Pediram que eu subisse as escadas.
Entrei no quarto do Bernardo, que mantinha os olhos fechados.
A filha é que me apresentou.
Estava animada, esperançosa de que a minha presença provocasse um milagre.
— Visita para o senhor, papai. É um homem da Corte.
— Obrigado, Constança querida. Vai lá embaixo e faz um mingauzinho para o teu pai, sim?
Ela olhou para mim antes de sair. E sorriu, cúmplice.
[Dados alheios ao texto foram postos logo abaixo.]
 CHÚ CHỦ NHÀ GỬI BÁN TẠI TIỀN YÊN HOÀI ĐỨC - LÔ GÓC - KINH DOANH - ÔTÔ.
Meu peito apertava, um nó doía na garganta, tive medo de cair no choro.
— Como estás, Bernardo?
Ele abriu os olhos devagar.
Mantinha a barba e a cabeleira de antigamente, embora grisalhas. Estava magro quase esquelético, mas a face apresentava um inchaço comum aos doentes do fígado. Ficou um tempo olhando para mim, tentando me identificar, deixando que alguma coisa se movesse em seus pensamentos.
De repente deu um pulo na cama.
Arregalou os olhos, arfante, e apontou o dedo para mim.
— Maneco? — perguntou. — És tu?
Olhou ao redor, buscava a luz da janela, um ponto de realidade pelo qual se orientar. Acho que não pediu socorro à mulher porque lhe faltaram forças para o grito.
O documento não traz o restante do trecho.